I eventually completed the first MFA degree through CADRE in 1990, taking a first teaching job at the University of South Florida (teaching on aging Amigas) through 1993 when we moved to the Reno, Nevada where I have taught "Digital Media" for the past 20 years in the Department of Art. Much of my creative work over the first ten years out of grad school involved digital imaging and kinetic, electromechanical sculpture/installation - much of this work sought to critique or question our relationship with emerging technologies, simulation, etc. Worth mentioning is likely the piece, "Masturbatory Interactant" of 1996-97 http://www.delappe.net/masturbatory-interactant-1997/ The repetitive action of the rotating drums allowing for the random scanning of barcodes by the mechanically thrusting scanner eventually scratched the barcodes to such an extent that they could no longer be scanned. I was intrigued and inspired by this type of mechanical mark-making to create "The Artist's Mouse" http://www.delappe.net/sculpture/the-artists-mouse/. This piece led to my first use of computer games directly in my creative practice in 1998. I played levels of "Unreal" using "The Artist's Mouse" to create a series of abstract graphite drawings, each representing a complete mapping of my experience completing levels of the game.
I first came to play FPS games a few years prior to this - buying equipment for our computer lab at UNR from various catalogues (this well before the existence of the Apple Store), some vendors would include CDRoms of various game titles in the shipping boxes with ordered equipment and software. The first game of this type I played was the original "Marathon" by Bungie Software.

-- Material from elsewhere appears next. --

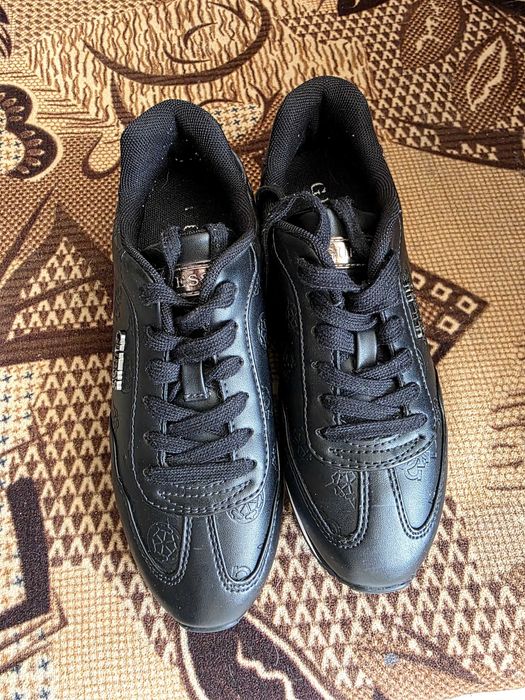 Дамски обувки Guess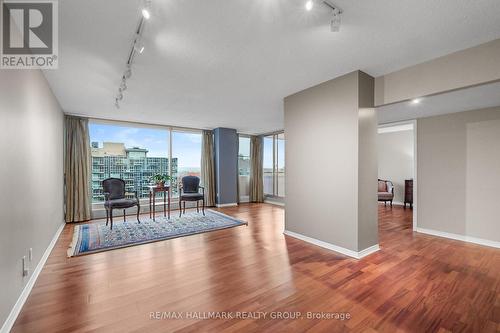 1404 - 160 George Street, Ottawa, ON - Indoor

My students were as well starting to play such games - I was intrigued. To make a long story short, playing "Unreal" to make drawings opened up a world of creative possibilities.

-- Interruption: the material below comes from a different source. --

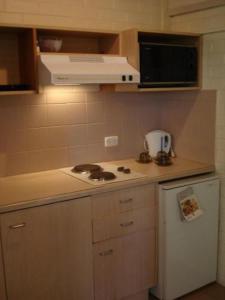 墨尔本H & D Apartments的一间带炉灶和微波炉的小厨房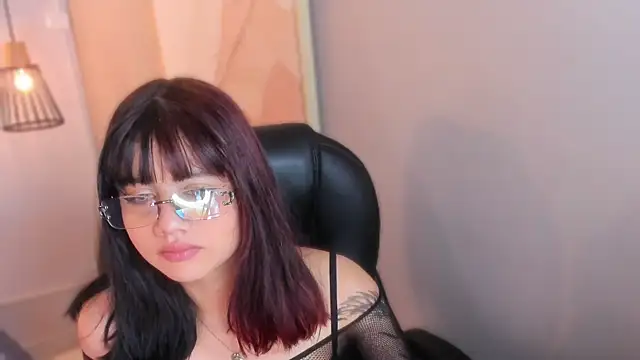 Snapshot of Julieth_brown_ chatting on December 2025 08:58:01 PM Julieth brown online show from December 2025 08:58:01 PM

It was in 2001 that I first "performed" inside a computer game. I had the idea to read poetry through the text messaging system of a FPS match online (inspired in part by reading a biography of Andy Kaufman). "Howl: Star Trek Elite Force Voyager Online" http://www.delappe.net/play/howl-elite-force-voyager-online/ was the first of a series on online, text based performances. I typed through the text messaging system, word for word, as "Allen Ginsberg" first in the guise of the wonky Doctor from the TV series (my avatar choice was wonderfully, randomly changed to Seven of Nine after a computer crash). The entire reading/performance took 6 hours.